Criminal defense attorney Ron Kuby recently noted in a Daily News Op-Ed, “Judges afraid of winding up on the front pages like “Turn ‘Em Loose Bruce” would lock people up before trial if they had a hunch that they might re-offend. And most of New York City just went along with it.” He added, “The bail reform laws enacted last year eliminated judicial discretion for many cases in order to prevent exactly these types of injustices from recurring. Judges proved, over decades, that they could not be trusted.”

Anxiety about judicial discretion was one of the main reasons for progressive opposition to California’s attempt to overhaul its bail system in 2018.

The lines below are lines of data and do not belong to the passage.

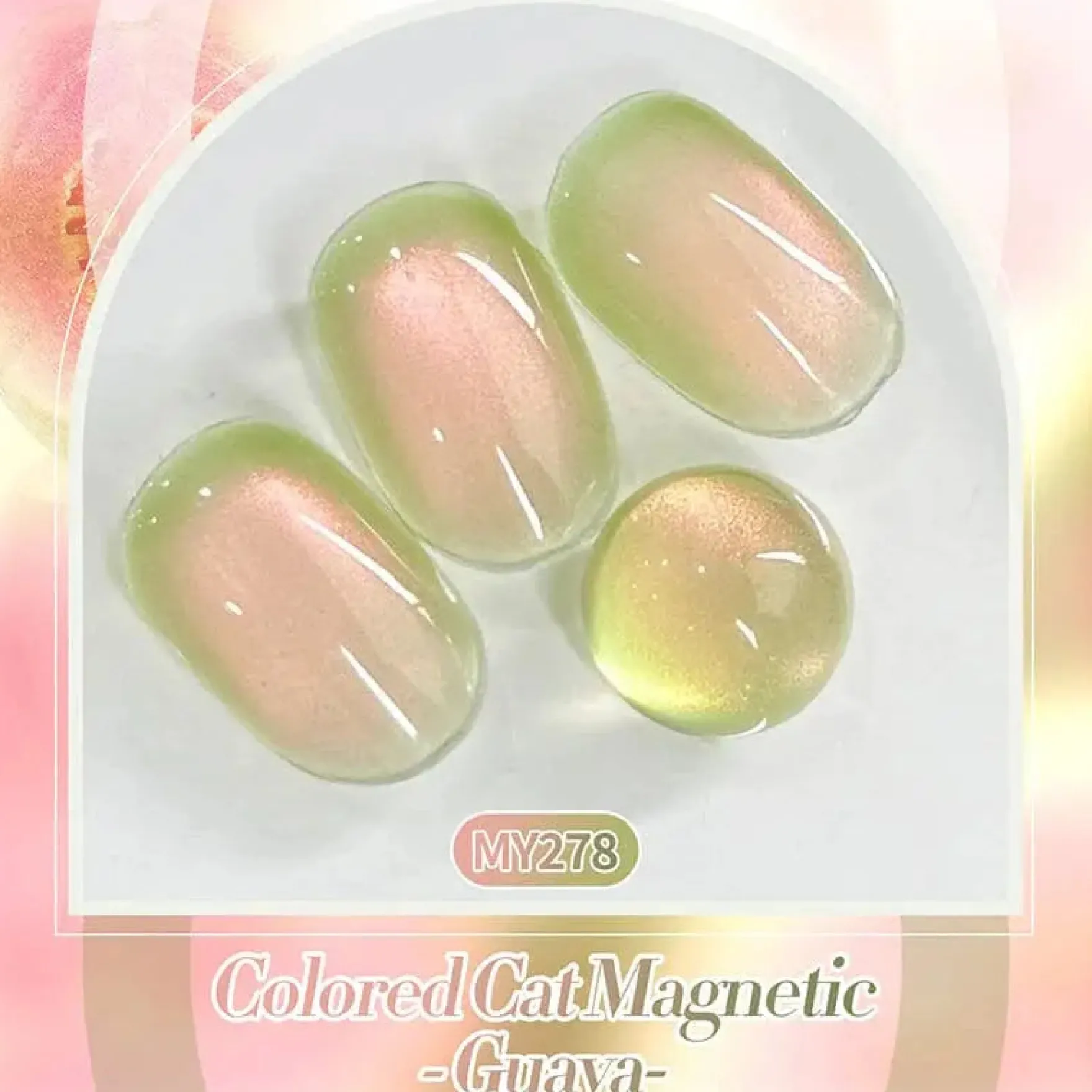 Colored Cat Magnetic Gel Fruit Basket MY278 Guava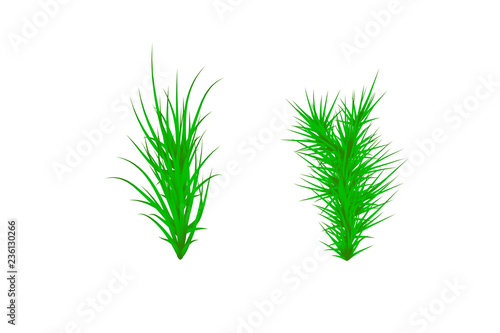 Set of Green grass. Green Grass White Background. Vector illustration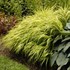 'All Gold' Hakonechloa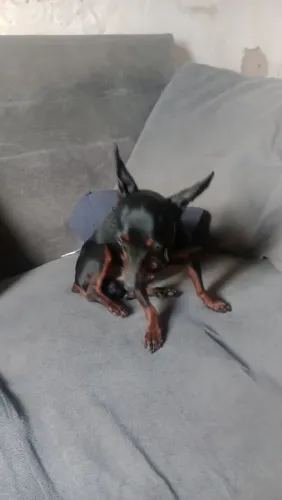 Pincher 0 mini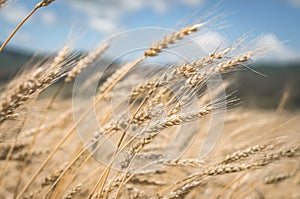 Agriculture: ripened golden spikelets of wheat in the field against the blue sky and clouds.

Over the past 40 years, give or take, the American criminal system has experimented with granting judges more discretion and constraining them, in efforts to curb excesses and discrimination. The results have consistently yielded more excesses and discrimination. Mandatory minimum sentences have been on the books in various states since the 1950s and Congress adopted the Federal Sentencing Guidelines and many mandatory minimums under the Sentencing Reform Act of 1984. These were a direct response to sentencing disparities and came with lofty goals, like increasing consistency, fairness, accountability, and transparency. And they did initially succeed in reducing some sentencing disparities among judges, but were soon rightly criticized for rigidity, excess, and for taking power away from judges and bestowing it on prosecutors.

Almost two decades later, in the case United States v. Booker, the Supreme Court made the guidelines advisory, although mandatory minimums remain mandatory. But Harvard Law School Professor Crystal Yang conducted an analysis of people sentenced between 1994 and 2009 and concluded that racial disparities increased significantly after the Booker decision. Black defendants were “more likely to be sentenced above the Guidelines recommended range, and less likely to be sentenced below the Guidelines recommended range, compared to similar white offenders.”

In the latest effort to rid the system of bias and decrease judicial discretion, many states and the federal government are turning to predictive algorithms and risk assessment tools to help determine pretrial detention decisions and sentences, an endeavor that critics warn could also exacerbate and enshrine racial disparities.

“Nearly every state in America has turned to this new sort of governance algorithm, according to the Electronic Privacy Information Center, a nonprofit dedicated to digital rights,” Cade Metz and Adam Satariano reported for the New York Times recently. “As the practice spreads into new places and new parts of government, United Nations investigators, civil rights lawyers, labor unions, and community organizers have been pushing back.” They worry that biases, including the race and class of the people who create the algorithms, are being baked into these systems, as ProPublica has reported. Critics note that Black and Latinx defendants have been found to be more likely to be flagged as “high risk” than white people because the tools rely on factors that are shaped by racial disparities in policing, like arrest history or ZIP code. But activists are often kept in the dark about those inputs because some algorithm-makers will not disclose their formulas.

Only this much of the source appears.